Short web captions:
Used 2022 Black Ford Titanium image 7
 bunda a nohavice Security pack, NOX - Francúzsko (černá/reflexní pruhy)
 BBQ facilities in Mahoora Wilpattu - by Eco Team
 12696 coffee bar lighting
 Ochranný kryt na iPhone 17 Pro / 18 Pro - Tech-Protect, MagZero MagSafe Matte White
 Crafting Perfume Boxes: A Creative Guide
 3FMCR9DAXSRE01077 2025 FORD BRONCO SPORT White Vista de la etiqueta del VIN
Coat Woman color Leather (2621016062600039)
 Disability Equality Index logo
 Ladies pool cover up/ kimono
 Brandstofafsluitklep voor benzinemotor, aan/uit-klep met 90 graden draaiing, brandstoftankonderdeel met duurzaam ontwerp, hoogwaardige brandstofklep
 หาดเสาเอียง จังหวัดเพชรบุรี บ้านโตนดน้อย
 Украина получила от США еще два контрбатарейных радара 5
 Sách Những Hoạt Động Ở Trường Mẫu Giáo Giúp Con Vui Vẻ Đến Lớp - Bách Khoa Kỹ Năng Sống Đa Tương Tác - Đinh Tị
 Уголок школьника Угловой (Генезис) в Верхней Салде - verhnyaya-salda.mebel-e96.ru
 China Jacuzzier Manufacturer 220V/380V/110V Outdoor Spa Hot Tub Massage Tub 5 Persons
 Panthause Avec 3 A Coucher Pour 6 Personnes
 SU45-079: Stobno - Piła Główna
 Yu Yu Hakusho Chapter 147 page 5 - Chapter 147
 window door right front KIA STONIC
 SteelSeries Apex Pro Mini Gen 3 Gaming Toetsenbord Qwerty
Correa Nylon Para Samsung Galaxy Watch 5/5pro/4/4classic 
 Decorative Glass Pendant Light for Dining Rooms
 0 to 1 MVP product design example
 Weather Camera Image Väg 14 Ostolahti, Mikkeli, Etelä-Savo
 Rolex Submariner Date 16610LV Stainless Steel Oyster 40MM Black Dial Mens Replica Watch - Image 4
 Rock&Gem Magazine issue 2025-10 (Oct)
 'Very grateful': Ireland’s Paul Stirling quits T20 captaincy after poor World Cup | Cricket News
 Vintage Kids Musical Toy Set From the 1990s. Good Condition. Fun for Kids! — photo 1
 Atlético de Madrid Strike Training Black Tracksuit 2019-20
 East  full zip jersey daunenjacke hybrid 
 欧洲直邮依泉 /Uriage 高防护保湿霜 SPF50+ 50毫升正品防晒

**Your task:** One inclusive range is required: first line of the data through the line containing "Ladies pool cover up/ kimono". Set it down exactly and output nothing else.

**Written solution:**
Used 2022 Black Ford Titanium image 7
 bunda a nohavice Security pack, NOX - Francúzsko (černá/reflexní pruhy)
 BBQ facilities in Mahoora Wilpattu - by Eco Team
 12696 coffee bar lighting
 Ochranný kryt na iPhone 17 Pro / 18 Pro - Tech-Protect, MagZero MagSafe Matte White
 Crafting Perfume Boxes: A Creative Guide
 3FMCR9DAXSRE01077 2025 FORD BRONCO SPORT White Vista de la etiqueta del VIN
Coat Woman color Leather (2621016062600039)
 Disability Equality Index logo
 Ladies pool cover up/ kimono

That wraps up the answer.